Я повернулся к Чимкиму и, заговорив для секретности на фарси, спросил его:
— Неужели твой отец действительно установил эти… эти ужасные пытки? Для того, чтобы их выполнял этот… самодовольный любитель чужих мучений?
Ноздря, стоявший сбоку, начал многозначительно и поспешно дергать меня за рукав. Видимо, он заметил полный ненависти взгляд этого человека, который он вперил в меня, словно один из своих отвратительных щупов.
Чимким мужественно пытался подавить гнев, вызванный моими словами. Сквозь стиснутые зубы он произнес:
— Старший брат, — (обращаясь ко мне официально, хотя из нас двоих он был старше), — старший брат Марко, к «смерти от тысячи» приговаривают только за особо тяжкие преступления, и предательство возглавляет этот список.
И вот тут-то я понял, как ошибался в оценке отца Чимкима.
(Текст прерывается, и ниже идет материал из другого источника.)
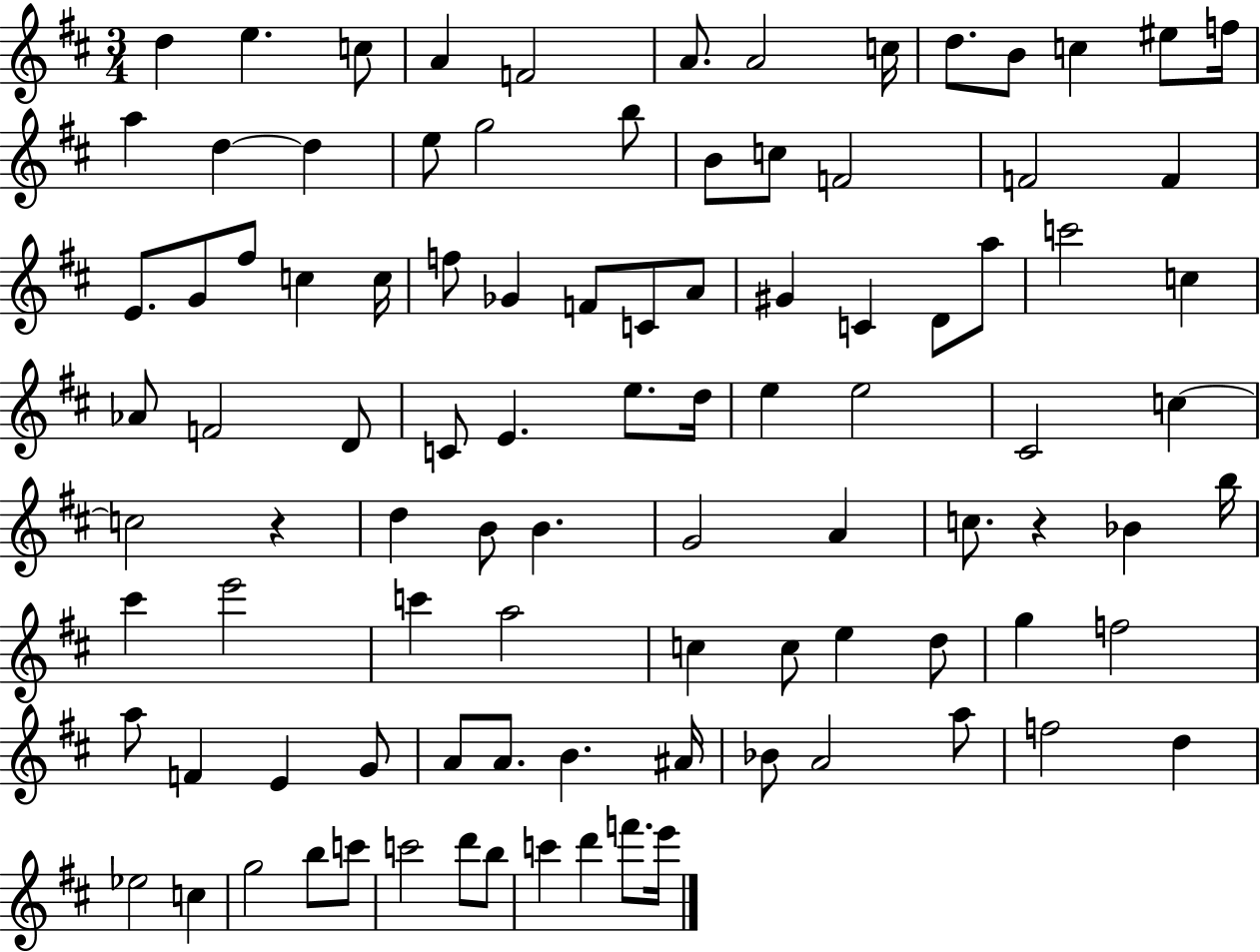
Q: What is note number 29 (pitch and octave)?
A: C5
Если Хубилай мог приговорить к такой чудовищной смерти своих соратников и соотечественников монголов — двух прекрасных воинов, чье преступление заключалось лишь в том, что они были преданы своему командиру Хайду, подчиняющемуся великому хану, — тогда то, что я увидел в первый день в ченге, никак не могло быть простой игрой на публику, призванной произвести впечатление на нас, посетителей. Очевидно, Хубилай вовсе не собирался предостерегать и поучать остальных, вынося такие приговоры. Его ни на йоту не заботило, что о нем подумают какие-то чужеземцы. (Я ведь мог никогда и не узнать об ужасной судьбе Уссу и Дондука; таким образом, это, разумеется, было сделано не для того, чтобы запугать нашу компанию.) Великий хан, безусловно, просто продемонстрировал свою абсолютную власть. Выяснять, критиковать или высмеивать его мотивы было равносильно самоубийству — к счастью, на этот раз у меня хватило ума промолчать, — и даже одобрять его действия не стоило, ибо сие было бесполезно. Великий хан ни в ком не нуждался: он просто делал то, что делал. Ну я, по крайней мере, извлек из всего этого урок: с этого момента и на протяжении всего времени моего пребывания в империи Хубилая я ходил проворно, а говорил неспешно.